WHAT YOU NEED TO DO
Where a line in the records below includes "will", pull that line out.

(EXERCISE INPUT)

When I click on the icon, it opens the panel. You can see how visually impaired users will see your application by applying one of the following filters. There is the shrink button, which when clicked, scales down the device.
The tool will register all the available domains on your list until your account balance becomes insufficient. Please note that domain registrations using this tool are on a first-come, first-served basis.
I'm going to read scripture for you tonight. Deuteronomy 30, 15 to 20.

(End EXERCISE INPUT)
(EXERCISE INPUT)

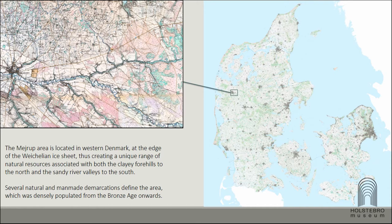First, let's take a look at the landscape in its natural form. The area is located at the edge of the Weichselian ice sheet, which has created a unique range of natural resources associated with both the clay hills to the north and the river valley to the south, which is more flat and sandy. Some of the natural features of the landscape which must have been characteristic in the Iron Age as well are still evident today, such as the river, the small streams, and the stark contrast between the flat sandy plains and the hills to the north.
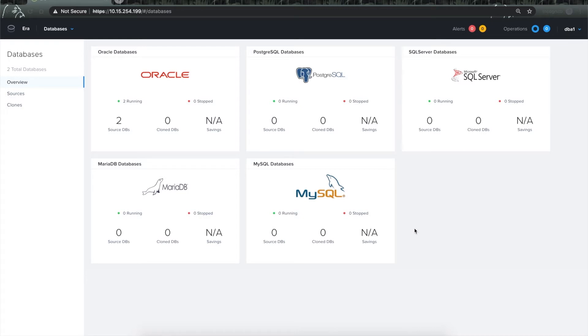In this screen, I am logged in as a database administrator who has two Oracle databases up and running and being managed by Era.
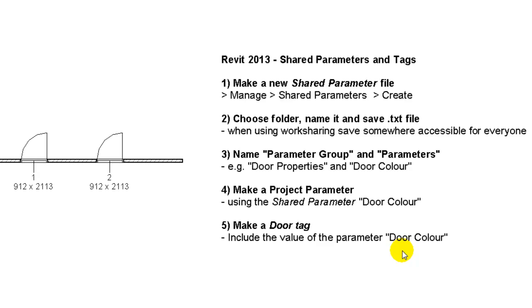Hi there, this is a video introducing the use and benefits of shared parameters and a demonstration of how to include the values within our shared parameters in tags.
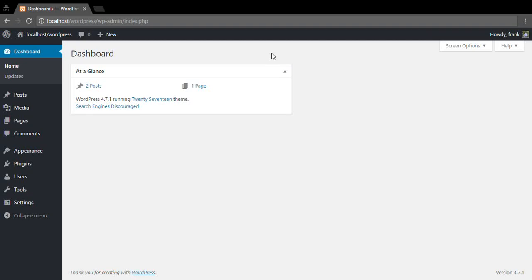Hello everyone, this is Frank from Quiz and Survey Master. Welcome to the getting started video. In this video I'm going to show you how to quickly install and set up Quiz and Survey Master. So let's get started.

(End EXERCISE INPUT)
(EXERCISE INPUT)

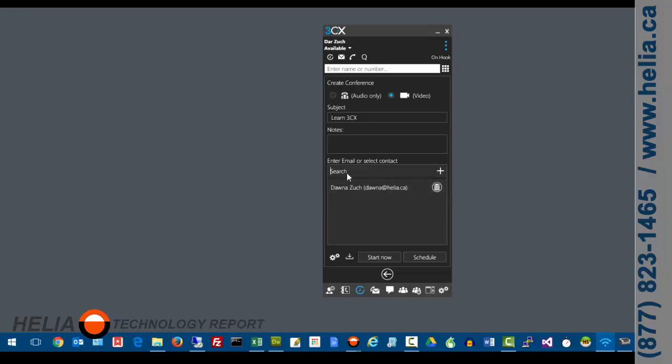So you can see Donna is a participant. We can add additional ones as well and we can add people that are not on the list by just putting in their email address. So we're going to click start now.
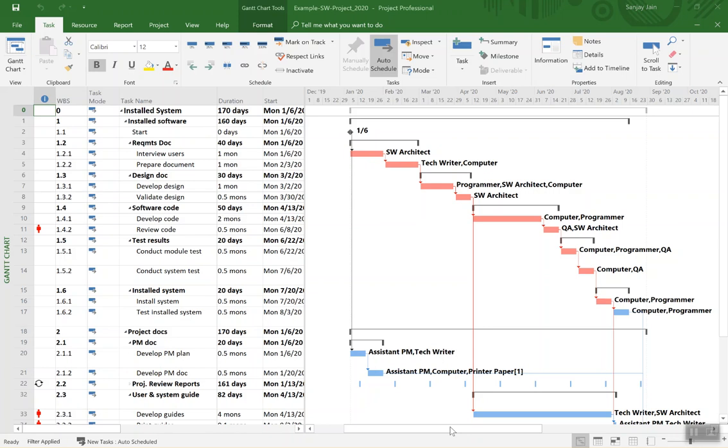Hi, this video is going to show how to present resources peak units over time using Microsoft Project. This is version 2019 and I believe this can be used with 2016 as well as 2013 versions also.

(End EXERCISE INPUT)

SOLUTION FOR THIS TASK
When I click on the icon, it opens the panel. You can see how visually impaired users will see your application by applying one of the following filters. There is the shrink button, which when clicked, scales down the device.
The tool will register all the available domains on your list until your account balance becomes insufficient. Please note that domain registrations using this tool are on a first-come, first-served basis.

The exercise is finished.